12 I thank him who has given me strength, Christ Jesus our Lord, because he judged me faithful, appointing me to his service, 13 though formerly I was a blasphemer, persecutor, and insolent opponent. But I received mercy because I had acted ignorantly in unbelief, 14 and the grace of our Lord overflowed for me with the faith and love that are in Christ Jesus. 15 The saying is trustworthy and deserving of full acceptance, that Christ Jesus came into the world to save sinners, of whom I am the foremost. 16 But I received mercy for this reason, that in me, as the foremost, Jesus Christ might display his perfect patience as an example to those who were to believe in him for eternal life. 17 To the King of the ages, immortal, invisible, the only God, be honor and glory forever and ever. Amen. (1 Timothy 1:12-17)
When you look into the mirror, what do you see? Probably no one being honest would say perfection! I hope you wouldn’t say perfection. We probably all looked in the mirror this morning, right? A mirror gives us a view of our outward appearance. We get to see how we look on the outside. Our hair, eyes, nose, or maybe you even have a full length mirror and can see your whole body. Sometimes we may become obsessed with outward appearance. That is what a mirror gives us, a look at how we look on the outside. But what if there were a mirror that would not give us a picture of our outward appearance, but of our inward character, a real picture of what we call the heart, the real person that we are on the inside? The Bible describes for us in a variety of ways the importance of what is inside a man, rather than what is on the outside. We are pretty good at analyzing the outside, but I wonder if we take the time to investigate what is in our hearts.
In Matthew 7 Jesus describes false teachers, and He does it in part by drawing a sharp distinction between what is seen outwardly and what is really in their hearts. He says in verse 15, “Beware of false prophets, who come to you in sheep’s clothing but inwardly are ravenous wolves.”
Speaking of wives, God exalts inward beauty up against outward beauty. He does this in 1 Peter 3:3-4: “Do not let your adorning be external—the braiding of hair and the putting on of gold jewelry, or the clothing you wear— but let your adorning be the hidden person of the heart with the imperishable beauty of a gentle and quiet spirit, which in God’s sight is very precious.”
If we had this mirror, a mirror into our hearts, into our inner being, what would we see? If God emphasizes the heart, not the outward, but the heart, then shouldn’t we above all want to please Him with our hearts, our inner man?
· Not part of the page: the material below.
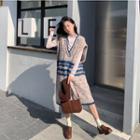 Turtleneck Long-sleeve Top / Striped Sleeveless Knit Dress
Here is the thing about the apostle Paul in our passage this morning. He seemed to be very aware of what had been, and from other passages like Romans 7 even, what still was in his inner man. What Paul does here is give us a look into his soul prior to his salvation. And what he describes is both encouraging, because of Christ, and disturbing, because of who he was prior to Christ. His view of himself was accurate.
The saying is trustworthy and deserving of full acceptance, that Christ Jesus came into the world to save sinners, of whom I am the foremost. (1 Timothy 1:15)
There is such good news for us in this verse. What we see is the extension of God’s grace, through Jesus, to even the most vile of sinners. Jesus came to save sinners. Paul calls it a saying, it was a common saying that was trustworthy, to be trusted and to be accepted. Christ Jesus came into the world to save sinners. This saying requires a response. The response to this saying should be acceptance. It is true and it is deserving of full acceptance, or complete acceptance. Sinners need saving because the entrance into God’s kingdom requires a perfect, sinless record, and no one has one, no one except Jesus Christ. And so Jesus comes with His perfect life, sinless life and offers it to sinners. It is like He says, “You can have my perfect record.” That is salvation. Saved from our record of sin. And here is the thing: there is no sinful record that is too great to be wiped out by the record of Jesus. And what Paul does instead of pointing to someone else’s record of sin, like, “Well, so and so, look at him, he was the worst sinner ever,” no, he points right to himself, calling himself the foremost of sinners. That must have been a deep and painful gaze into the mirror that reveals the heart.
Our tendency may be to think, “Well, I’m not so bad.” Paul’s right view was, “I am really, really bad, the foremost of sinners.” Paul was in a category of sinners that had persecuted Christ and persecuted God’s people. We may look at Paul and remember his past as a Pharisee, a deeply religious man and think, “Well morally he wasn’t that bad,” but the reality is that he was one who tried with all his might to put down, to destroy God’s plan of redemption. Paul was not just an enemy of God because he sinned, but also because his sin was to try and destroy the church. Listen to how he puts it in 1 Corinthians 15…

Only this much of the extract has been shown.